The film begins with a scene showing author Clay Hammond (Dennis Quaid) giving a reading of his newly published book, entitled “The Words.” The reader is then transported into a tale within a tale as Clay’s book takes over and we learn about the life of the main character, Rory Jansen (Bradley Cooper), an unsuccessful author whose manuscript has been rejected by numerous publishers.
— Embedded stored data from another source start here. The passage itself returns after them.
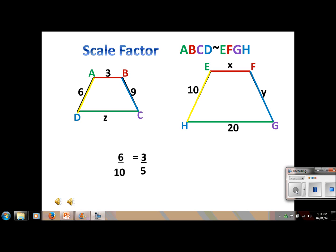Now I want you to put the video on pause and solve for X by yourself. If you come up with an answer of X equals 5, you have done it correctly. I'll see you in the next video.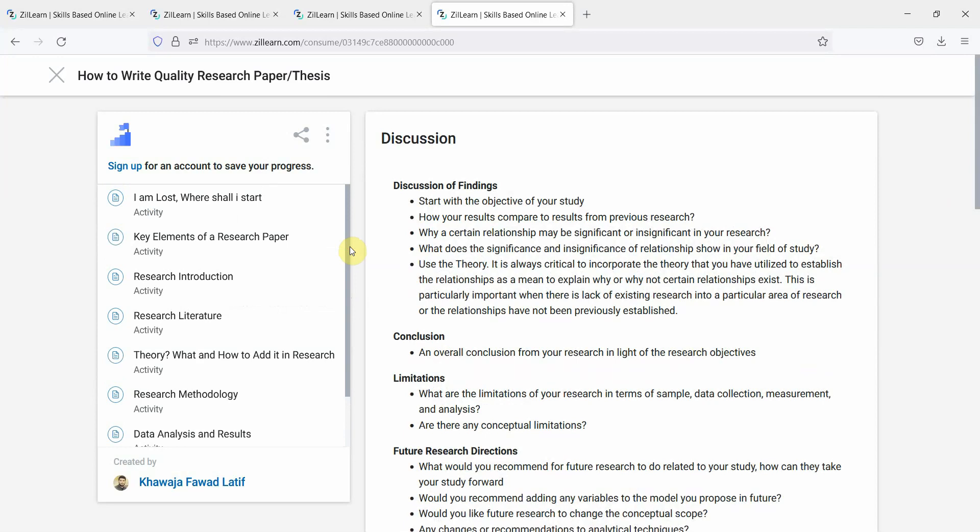Please do share the course with your students, fellow colleagues, and other scholars on your profile, on your social media groups. The course may help an early career researcher learn research. Thank you very much.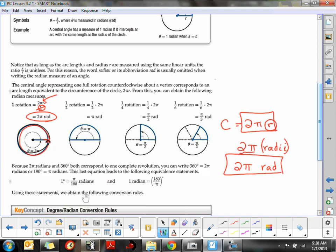Breaking the circle down further: half a rotation would be half of that circumference, so halfway around is π radians. A quarter rotation means one-fourth of the total circumference, which is π/2 radians — half of the half. A sixth of a rotation means one-sixth of the entire circumference, which reduces down to π/3 radians. So we have unit conversions based on fractions of the full 2π rotation.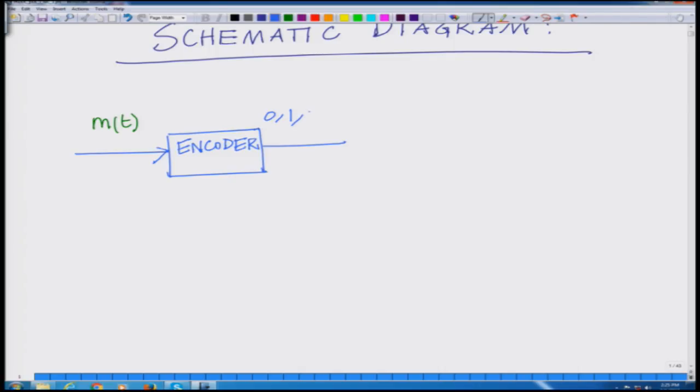The encoder produces a stream of bits such as 0, 1, 1, 0, 0, 1. What the encoder is doing is taking your message and converting it into a stream of bits. This is achieved through first sampling followed by quantization of the samples, and representing the quantized samples using an appropriate number of bits.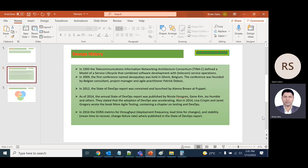In early 2016, the Dora Matrix was introduced and they published the State of DevOps Report.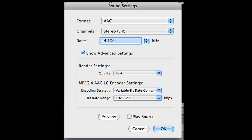You want to make sure that you have your format set to AAC, your channel set to stereo, and then click the button to show advanced settings if you're doing this in iMovie. Render settings get set to best. The encoding strategy we found works best is variable bit rate constrained, and then set the bit rate range to 192 to 228 kilobits.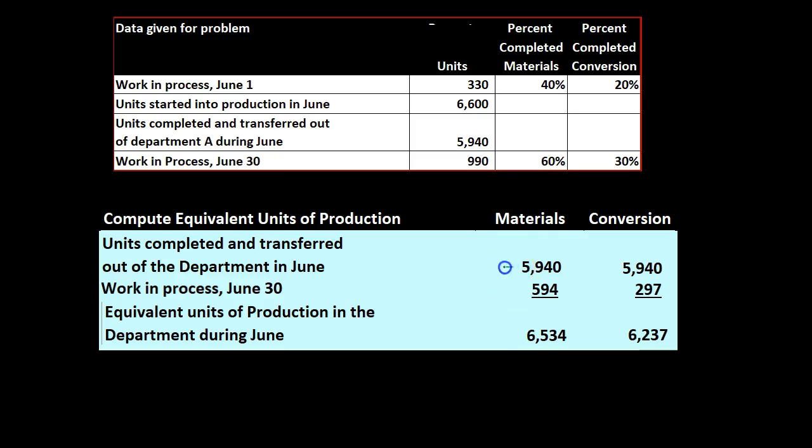So that means this is the stuff that was transferred out. This is the stuff that's still in work in process, and if you were considering this from a first in first out standpoint you would think that these wouldn't be completed at least with regard to conversion. They would still be in process and some of the costs would be applied out later.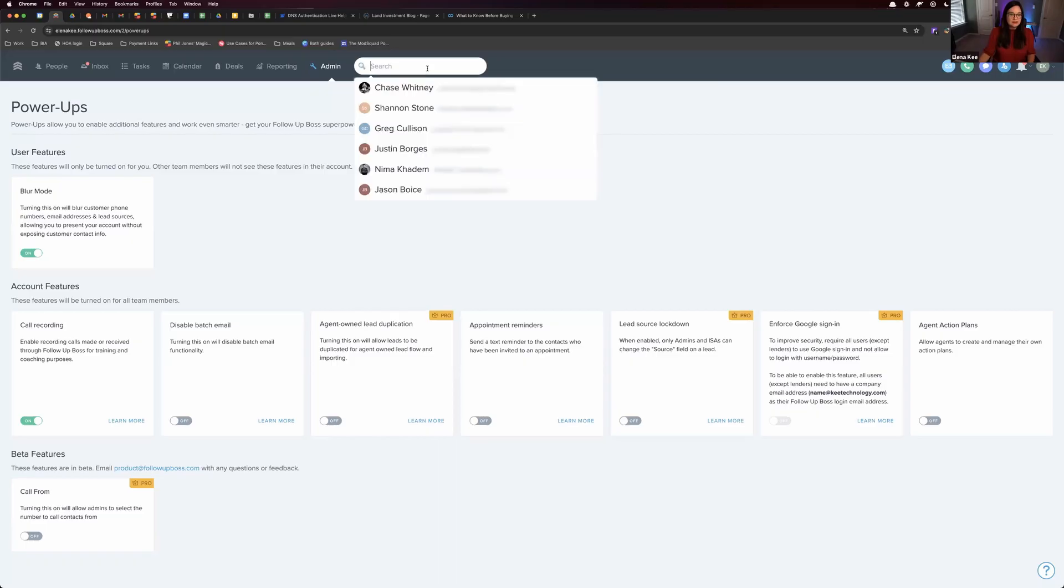For buyers that you talk to that have either said they're only just looking, they'll buy the right house when they find it, or they're a current client and they are serious but have specific needs that need to be met, you can utilize tags for reverse prospecting. I'm going to go ahead and share my screen and show you what I mean.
While honeymooning in Paris, Rory’s bride Dora (Zoe Saldana) finds a handsome briefcase in an antique store which she presents to Rory as a wedding gift. After they arrive home, Rory discovers a manuscript hidden in the briefcase which he recognizes as a well-written piece of work. He then types the manuscript into his computer where Dora finds it and believes it was written by Rory. Dora convinces Rory to submit it to a publisher who loves the novel which becomes a best seller. Rory fulfills his dream of financial success with the publication of the book.
The story takes a step back as Clay Hammond takes an intermission backstage where he is introduced to Daniella, a student who wants to interview him about his book. They plan to meet after Clay finishes his reading.
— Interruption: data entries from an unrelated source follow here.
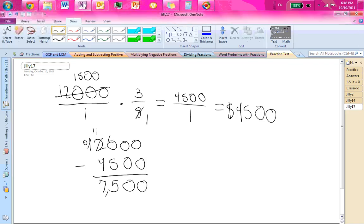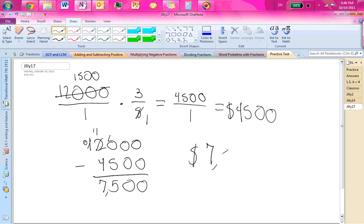And that's how much money they're hoping to raise. That's how much money they have left to raise.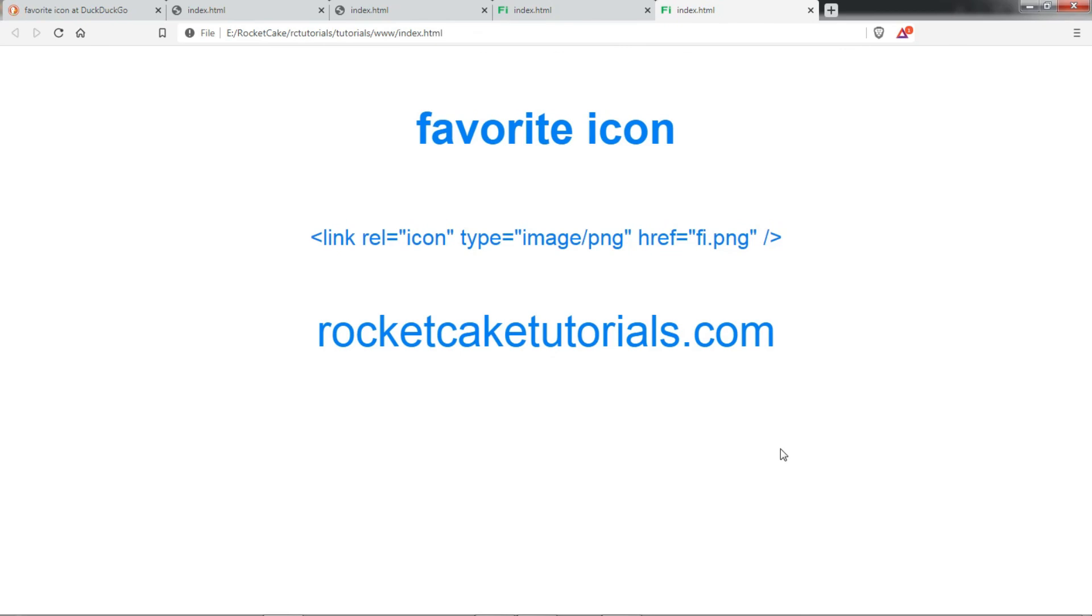I will put the RocketCake file and the webpage on the RocketCakeTutorials.com website, you can download it from there.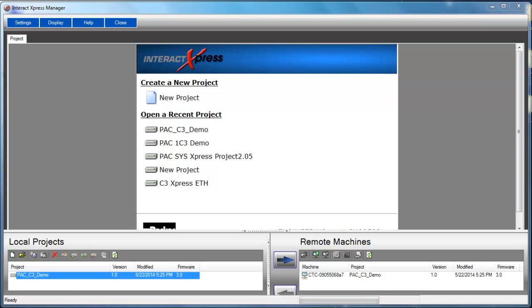Hi, today I just want to quickly go into loading the PAC C3 demo express project onto VXPR.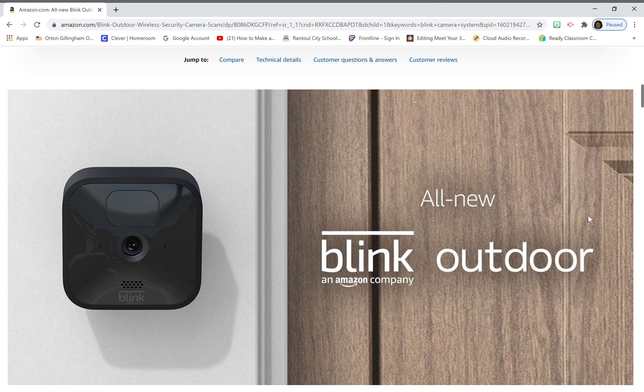But there is a reason to buy the new system for the simple fact that you can't find any XT2s on Amazon right now because they're not selling them. Now they'll sell you a five-camera XT2 system for $300 and some dollars, but they won't sell you an individual add-on camera.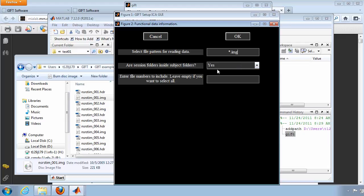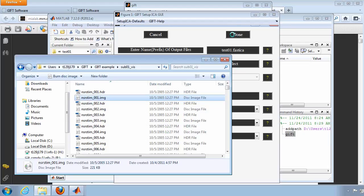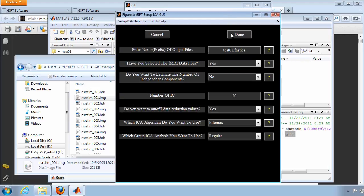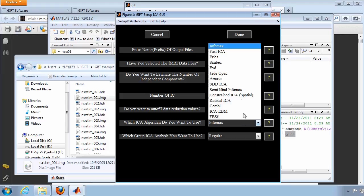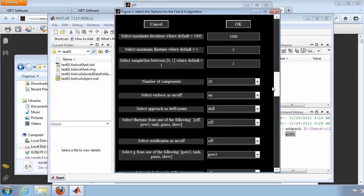This experiment has only one session, so change Yes to No for that option. By default, GIFT will analyze all files unless you specify a certain range only. Click on Infomax and choose the FastICA algorithm instead. Use all other defaults unless you know why to specify something else.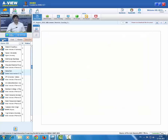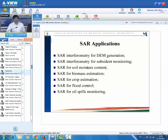There are different applications of SAR remote sensing in each and every field of the natural sciences and earth resources, including soil moisture, biomass, crop monitoring, flood mapping, oil spill detection, DEM generation, subsidence monitoring, and glaciological applications.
After the intermission, Clay resumes his reading which relates that the now famous Rory meets an old man (Jeremy Irons) in Central Park. The old man reveals to Rory that the manuscript was his own story of his long-lost love when he lived in Paris. His wife had lost the manuscript which led to the dissolution of their marriage and the beginning of the old man’s fall into oblivion.
Overcome with guilt, Rory seeks to pay the old man for his manuscript, and of course is turned down. He continues to pursue relief from his guilt by confessing his offense to his publisher as well as his wife. When the old man dies shortly thereafter, the secret dies with him, and Rory is left to deal alone with his conscience when his wife Dora leaves him.
When Clay finishes his reading, he and Daniella continue their interview with Daniella asking some probing questions. Clay does not answer her inquiry whether or not “The Words” is autobiographical. The viewer needs to stay to the end to learn the truth.
Credit: Wikimedia Commons
Although Jeremy Irons’ part as the old man was not more than a cameo part, it was truthfully the centerpiece of the entire story. Also, he is head and shoulders above every other member of the cast with his performance. They were fortunate to have his name linked with theirs in this intriguing story.
“The Words” brings to mind the well-known fact that Ernest Hemingway’s wife lost several of his manuscripts while traveling on a train. It may well be that the writer used that occurrence as a seed to create a story revolving around a similar mishap.